*The task*: Write out exactly the lines below starting at the one containing "before and after" and ending at the one containing "Phospho-BRAF(T598) Antibody". Omit every picture.

*Material supplied*:
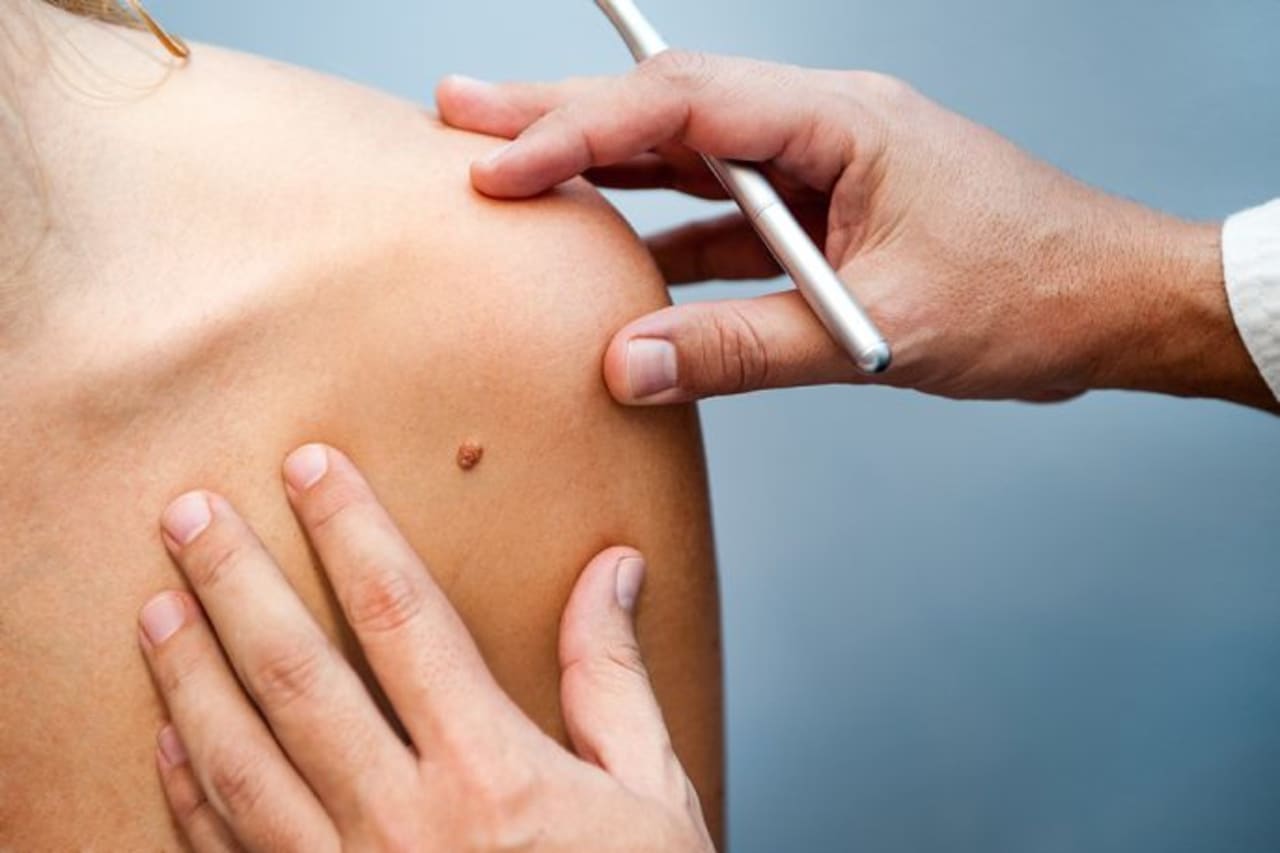 Plastic surgeon examining mole for skin cancer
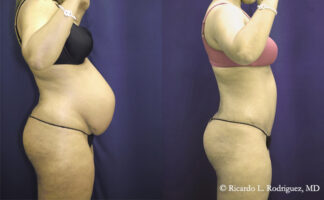 before and after a tummy tuck with liposuction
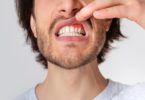 common causes of gum disease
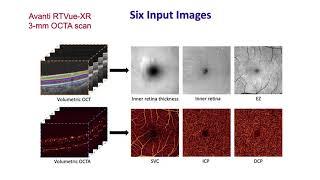Deep-learning-aided detection of referable and vision threatening diabetic retinopathy based on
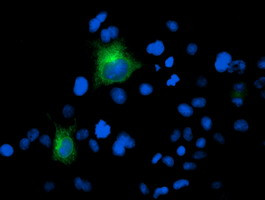 FOLH1 Antibody in Immunocytochemistry (ICC/IF)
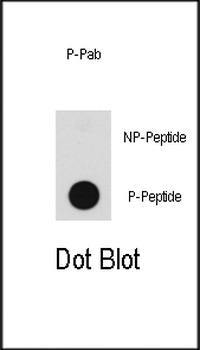 Phospho-BRAF(T598) Antibody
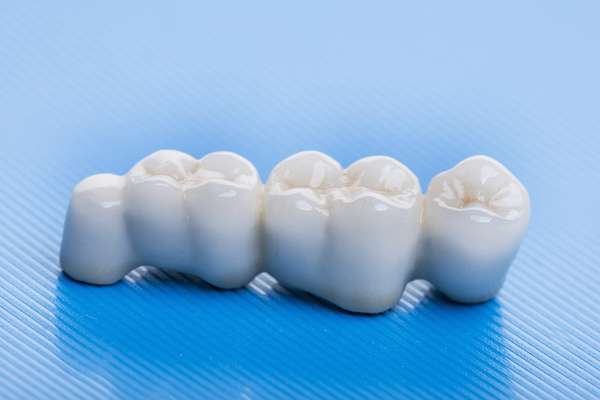 How Many Teeth Can Dental Bridges Replace from Korsmo Family Dental in Tacoma, WA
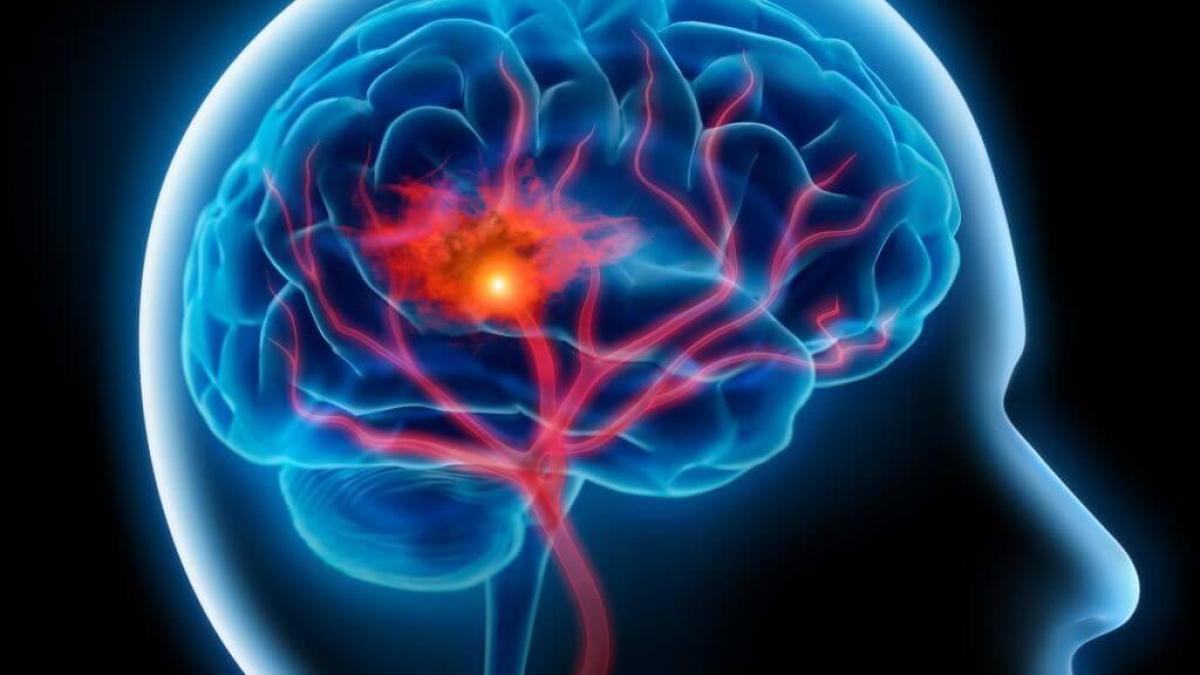 plantas para tratar hemiplejia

*Output for this task*:
 before and after a tummy tuck with liposuction
 common causes of gum disease
Deep-learning-aided detection of referable and vision threatening diabetic retinopathy based on
 FOLH1 Antibody in Immunocytochemistry (ICC/IF)
 Phospho-BRAF(T598) Antibody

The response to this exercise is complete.